Orthogonal calculus is a version of functor calculus that sits at the interface between geometry and homotopy theory; the calculus takes as input functors defined on Euclidean spaces and outputs a Taylor tower of functors reminiscent of a Taylor series of functions from differential calculus. The interplay between the geometric nature of the functors and the homotopical constructions produces a calculus in which computations are incredibly complex. These complexities ultimately result in orthogonal calculus being an underexplored variant of functor calculus.

On the other hand, homological localizations are ubiquitous in homotopy theory. They are employed to split ‘integral' information into ‘prime' pieces, typically simplifying both computation and theory.

In this talk, I will describe a 'local' version of orthogonal calculus for homological localizations, and survey several immediate applications.

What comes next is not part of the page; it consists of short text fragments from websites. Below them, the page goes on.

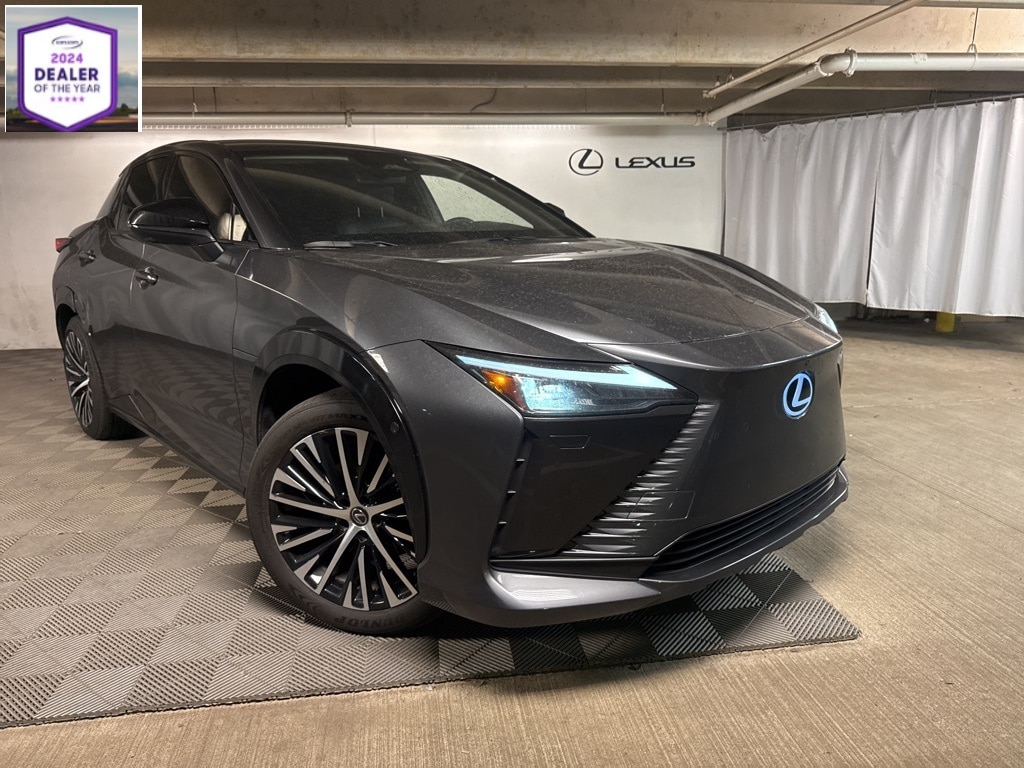 2023 Lexus RZ Premium's photo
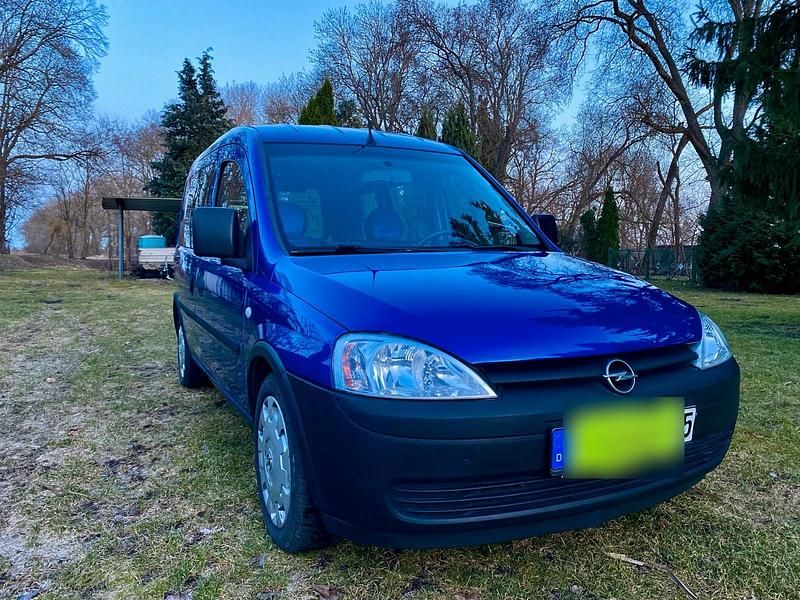Gebraucht Opel Combo 69 PS (50 kW) 2004 Blau Van / Kleinbus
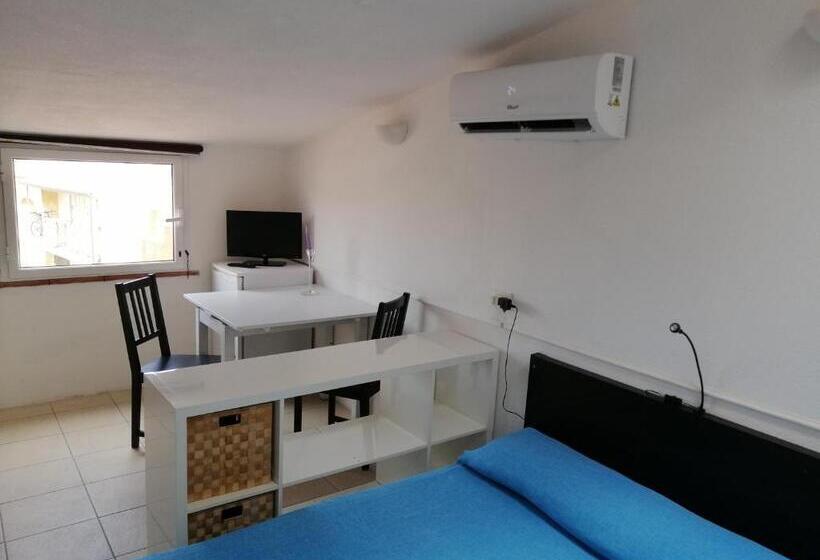 סטודיו סטנדרטי נוף לים, Calaluna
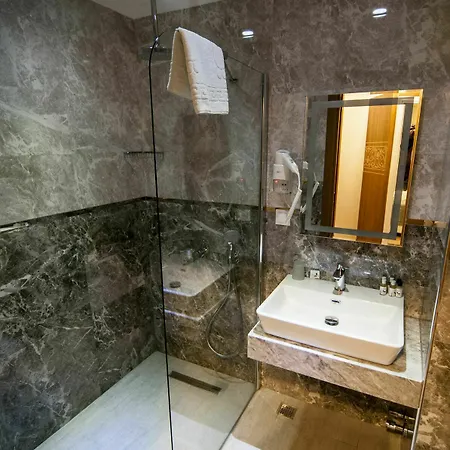 Exelans Hotel 3*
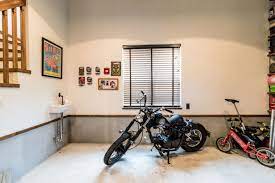 バイクガレージ兼土間のある家の建築実例 注文住宅 家 住宅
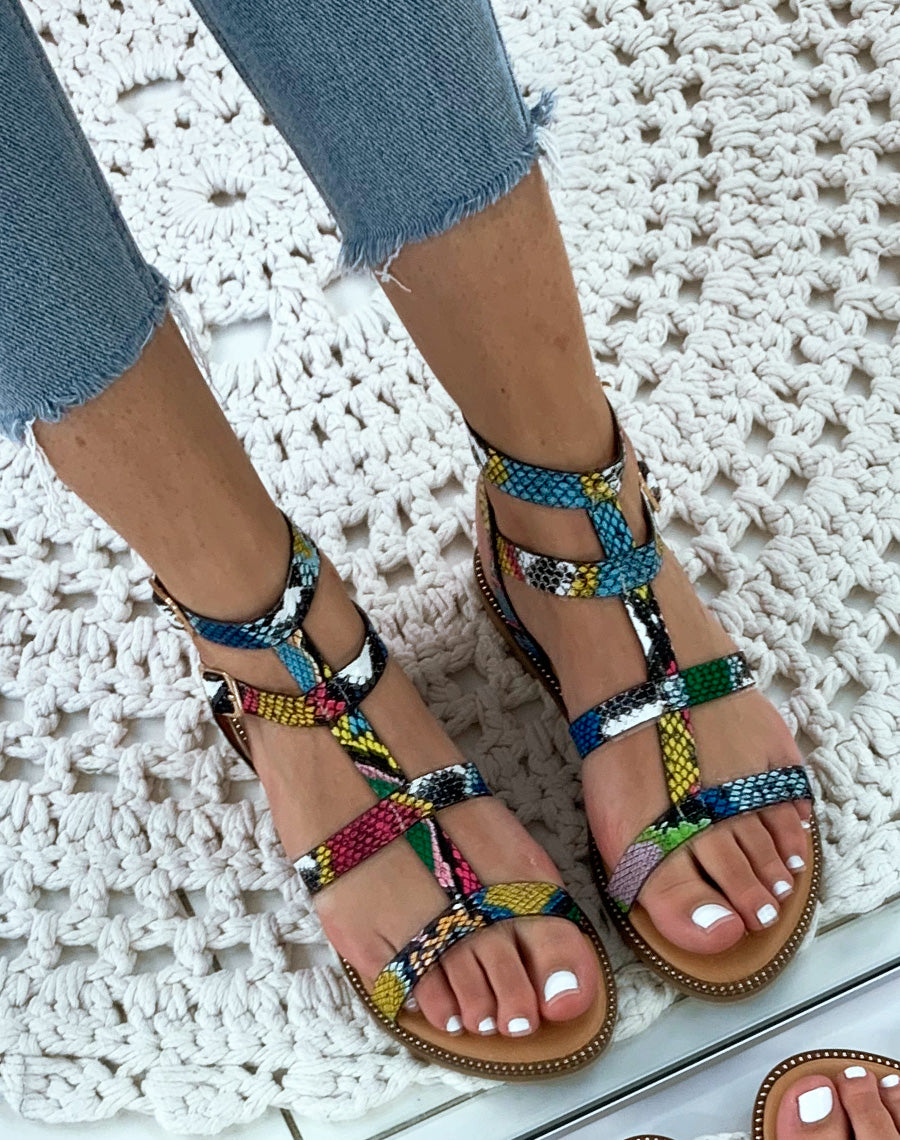 Sandales plates multicolore brides python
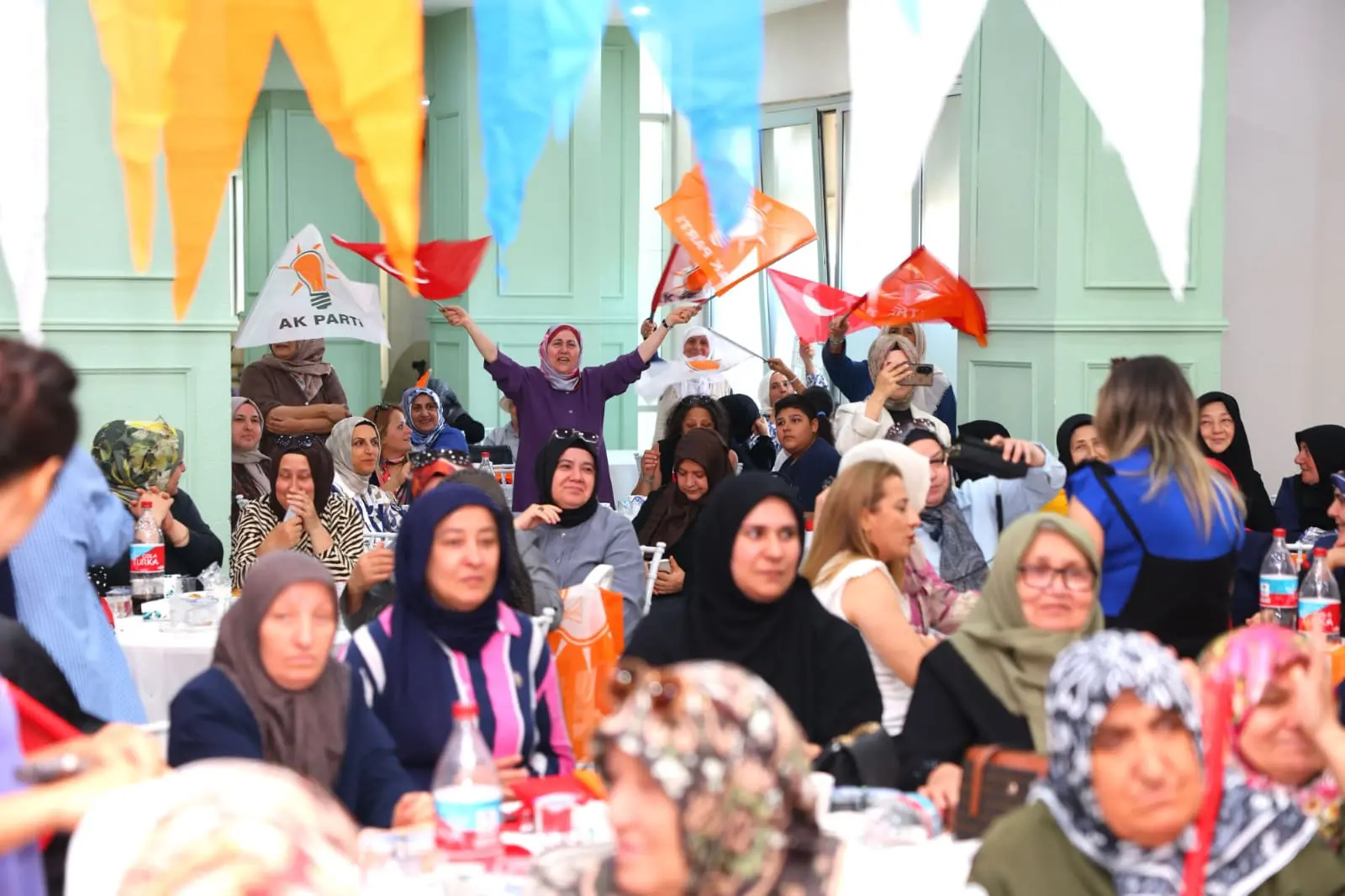 Darıca’da AK Parti Kadın Kolları’ndan Ahde Vefa Darıca’da AK Parti Kadın Kolları’ndan Ahde Vefa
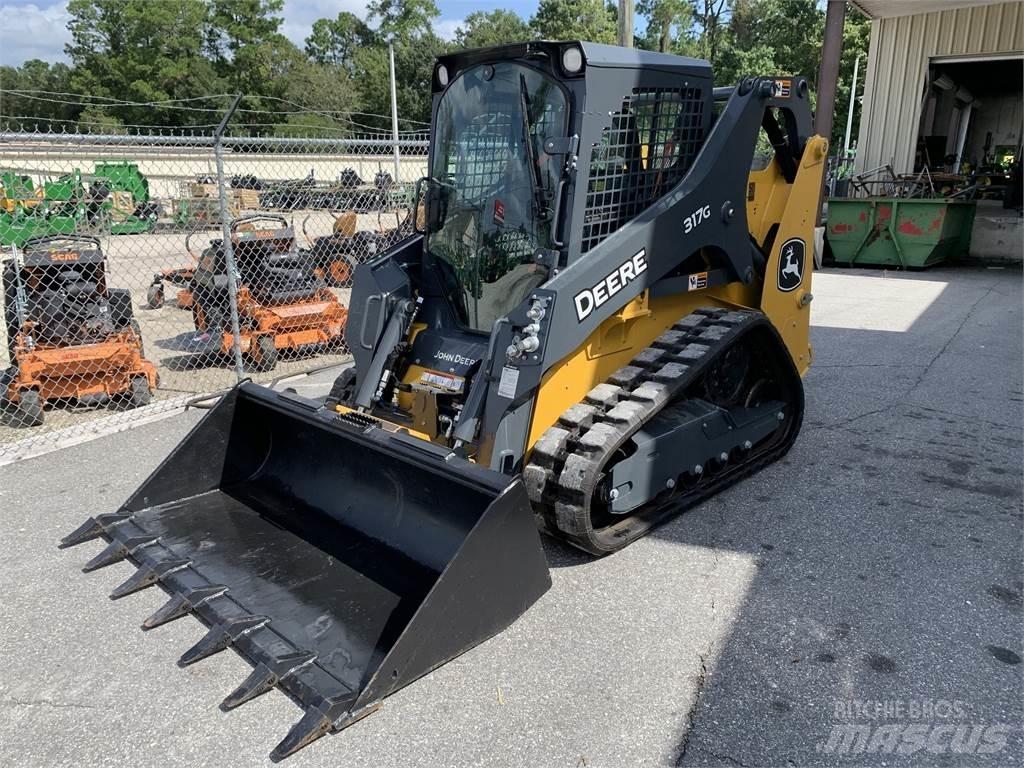 John Deere 317G Mini Loader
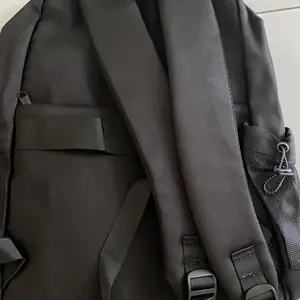 FLATE Tas Sekolah Perempuan SMP SMA  Tas Ransel Ringan untuk Sekolah & Kuliah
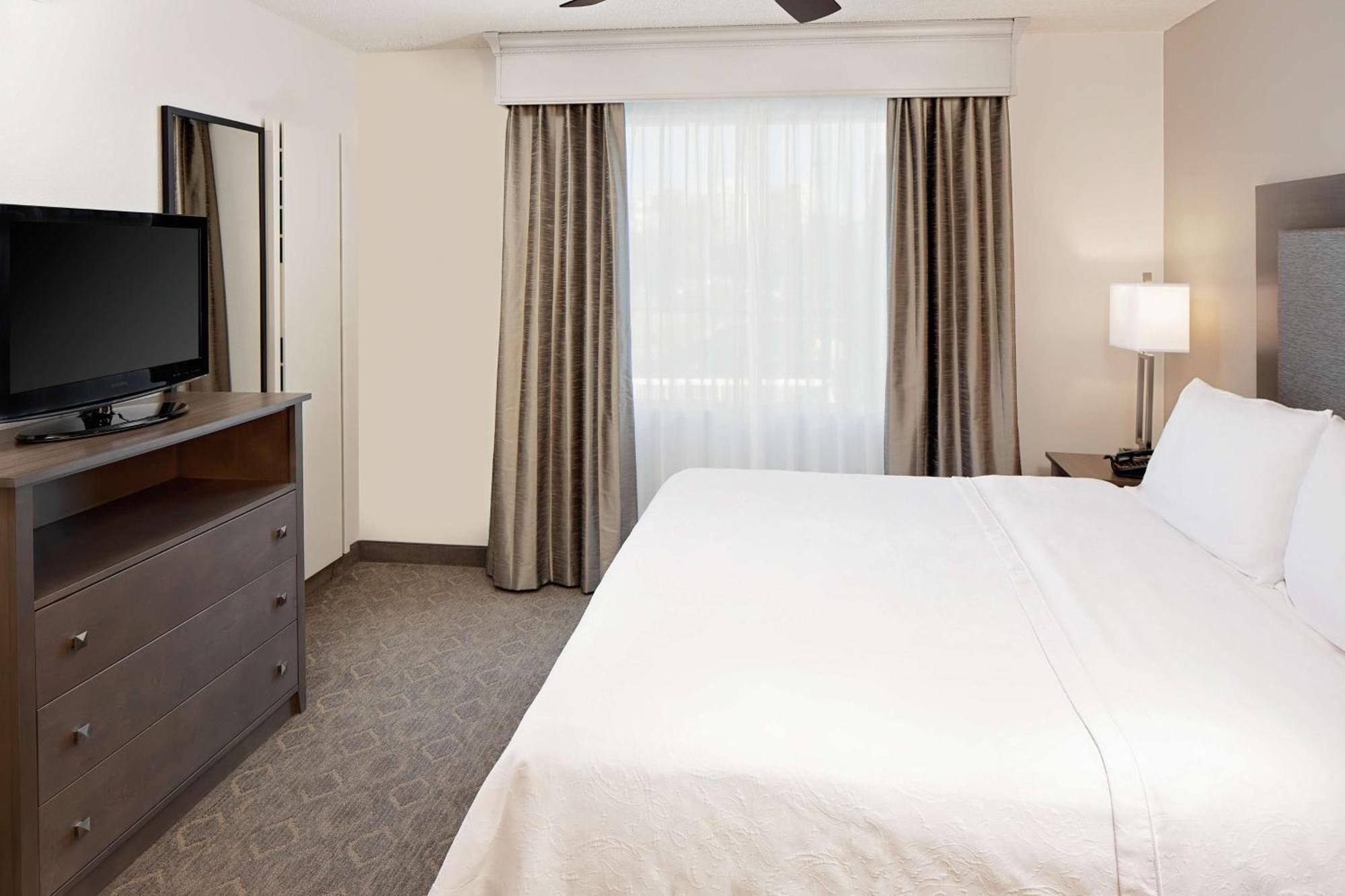 Homewood Suites By Hilton Dallas Market Center Exteriör bild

Thibaut Mazuir: Higher algebra of A-algebras in Morse theory

In this short talk, I will introduce the notion of n-morphisms between two A-algebras. These higher morphisms are such that 0-morphisms correspond to standard A-morphisms and 1-morphisms correspond to A-homotopies. Their combinatorics are then encoded by new families of polytopes, which I call the n-multiplihedra and which generalize the standard multiplihedra. Elaborating on works by Abouzaid and Mescher, I will then explain how this higher algebra of A-algebras naturally arises in the context of Morse theory, using moduli spaces of perturbed Morse gradient trees.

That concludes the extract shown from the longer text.